Defeat to Sheffield United might just have provided clues to a shift in Daniel Farke’s thinking for the Premier League end game.

The City chief should by now be well used to a forensic analysis of every move he makes. Especially on a matchday.

From the starting line up reveal an hour before kick-off to his tactical approach once the action gets underway to his apparent reluctance to twist often enough or soon enough when it comes to substitutions, according to his harshest detractors.

That latter point is as much perception as hard evidence, if you really study City's Premier League labours.

But to extrapolate such as somehow proof Farke has become too rigid, too inflexible in his thinking - once the top flight grind sapped the optimism and dulled the belief - is plain wrong.

Norwich's Championship title win owed everything to the bravery of a head coach willing to throw Max Aarons into the heat of an East Anglian derby, and keep him there.

Or first package Ben Godfrey as a centre back of some promise - despite a season long spell at Shrewsbury as a holding midfielder - and then keep him at the heart of his backline when both Timm Klose and Grant Hanley were available down the stretch.

Go back even further to Farke's first tour in England, and young men like Jamal Lewis and James Maddison owe a huge debt to a head coach who was not simply willing to espouse the virtues of youth but hang his future career prospects at Carrow Road on the success of backing raw talent.

And providing the environment to allow them to flourish.

If Farke was slavishly wedded to a philosophy woven around technically-gifted midfielders he would not have reverted to the more pragmatic selections of Alex Tettey and Kenny McLean over the second part of this Premier League campaign.

A duo designed to offer more ballast, more protection and a combative edge in an area Farke publicly acknowledged in recent times City were too vulnerable.

We saw the latest glimpse of Farke's evolving thought process against the Blades.

Todd Cantwell made way at the interval, Josip Drmic arrived and Tettey was deployed in the anchor role of a midfield diamond. It was new, it was innovative, and it was proactive.

Chris Wilder admitted afterwards it had given Sheffield United plenty to think about on the resumption, particularly in the manner it helped occupy a defensive three so pivotal to the Blades' own attacking template.

It might not have brought any tangible reward on the day, thanks to Dean Henderson's agility, but with both Mario Vrancic and Adam Idah also introduced later in the second period it did illustrate yet again Farke is willing to veer from the tried and trusted.

Given City's declining goal output, typified by Teemu Pukki's woes over the second half of this season, that quest for a spark demands more blue sky thinking from Farke ahead of Southampton's visit to Norfolk.

Had injuries not ravaged Norwich's backline one can be sure we would have seen far more than a fleeting sight of the defensive three and wing backs approach Sheffield United have harnessed to such effect.

Farke's willingness to embrace change and embark on a radical path is what brought him to Norfolk in the first place.

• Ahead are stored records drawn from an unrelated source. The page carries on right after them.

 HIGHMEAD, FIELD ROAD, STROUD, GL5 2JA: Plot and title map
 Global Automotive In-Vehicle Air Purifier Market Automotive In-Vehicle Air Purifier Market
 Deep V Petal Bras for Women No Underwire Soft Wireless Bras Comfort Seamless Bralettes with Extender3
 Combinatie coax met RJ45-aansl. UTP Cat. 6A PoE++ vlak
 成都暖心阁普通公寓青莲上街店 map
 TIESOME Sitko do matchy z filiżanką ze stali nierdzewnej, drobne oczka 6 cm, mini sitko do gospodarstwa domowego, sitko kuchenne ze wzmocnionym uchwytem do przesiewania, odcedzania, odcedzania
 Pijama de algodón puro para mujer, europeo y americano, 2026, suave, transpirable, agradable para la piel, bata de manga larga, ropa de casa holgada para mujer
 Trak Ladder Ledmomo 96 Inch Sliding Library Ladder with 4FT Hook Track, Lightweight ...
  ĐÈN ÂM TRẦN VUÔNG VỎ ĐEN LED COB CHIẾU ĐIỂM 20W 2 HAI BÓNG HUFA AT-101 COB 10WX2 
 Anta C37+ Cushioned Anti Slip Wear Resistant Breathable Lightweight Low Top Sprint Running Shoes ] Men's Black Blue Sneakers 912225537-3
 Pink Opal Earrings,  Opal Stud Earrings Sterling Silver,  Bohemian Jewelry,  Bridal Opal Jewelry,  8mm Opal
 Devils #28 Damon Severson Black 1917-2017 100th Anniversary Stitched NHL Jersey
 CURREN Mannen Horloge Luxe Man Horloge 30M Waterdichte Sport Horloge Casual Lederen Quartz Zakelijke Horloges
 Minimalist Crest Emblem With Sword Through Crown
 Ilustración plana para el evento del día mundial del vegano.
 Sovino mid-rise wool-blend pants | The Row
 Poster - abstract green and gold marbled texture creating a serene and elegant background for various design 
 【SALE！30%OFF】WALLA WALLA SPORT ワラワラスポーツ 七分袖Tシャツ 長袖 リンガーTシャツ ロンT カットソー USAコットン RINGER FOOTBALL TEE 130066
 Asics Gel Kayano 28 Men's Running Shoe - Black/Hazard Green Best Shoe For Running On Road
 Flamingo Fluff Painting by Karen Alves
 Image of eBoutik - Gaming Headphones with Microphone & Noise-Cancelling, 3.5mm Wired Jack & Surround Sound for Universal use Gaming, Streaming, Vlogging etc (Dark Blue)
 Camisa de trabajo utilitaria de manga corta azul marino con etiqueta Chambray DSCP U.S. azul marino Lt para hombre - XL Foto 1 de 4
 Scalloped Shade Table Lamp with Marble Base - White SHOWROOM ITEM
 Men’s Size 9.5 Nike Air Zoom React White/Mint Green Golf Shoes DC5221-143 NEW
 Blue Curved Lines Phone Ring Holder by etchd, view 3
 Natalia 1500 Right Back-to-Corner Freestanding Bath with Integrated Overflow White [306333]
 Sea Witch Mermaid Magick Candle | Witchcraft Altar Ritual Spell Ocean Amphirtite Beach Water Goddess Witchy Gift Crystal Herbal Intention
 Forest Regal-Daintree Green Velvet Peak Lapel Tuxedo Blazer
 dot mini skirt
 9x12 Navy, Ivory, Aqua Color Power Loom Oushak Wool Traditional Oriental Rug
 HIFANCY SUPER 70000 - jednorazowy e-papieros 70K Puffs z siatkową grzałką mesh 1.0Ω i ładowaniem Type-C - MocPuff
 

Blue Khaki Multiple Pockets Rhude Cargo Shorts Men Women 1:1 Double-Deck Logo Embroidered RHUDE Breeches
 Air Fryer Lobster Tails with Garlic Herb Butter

In the fallow periods of a bruising debut season in the unforgiving Premier League, Farke's teams have looked predictable, ponderous and lightweight. But the signs at Bramall Lane in the second half perhaps suggested the head coach is willing to try and catch rivals off-balance.

Farke needs to be even bolder down the stretch than he exhibited at the interval last Saturday.

Whether it is personnel or formation Norwich need to change the narrative, or the current script has a depressingly gloomy air of finality.

Wilder was also right to claim the majority have already written off the Canaries.

If that is the case his old rival really has nothing to lose.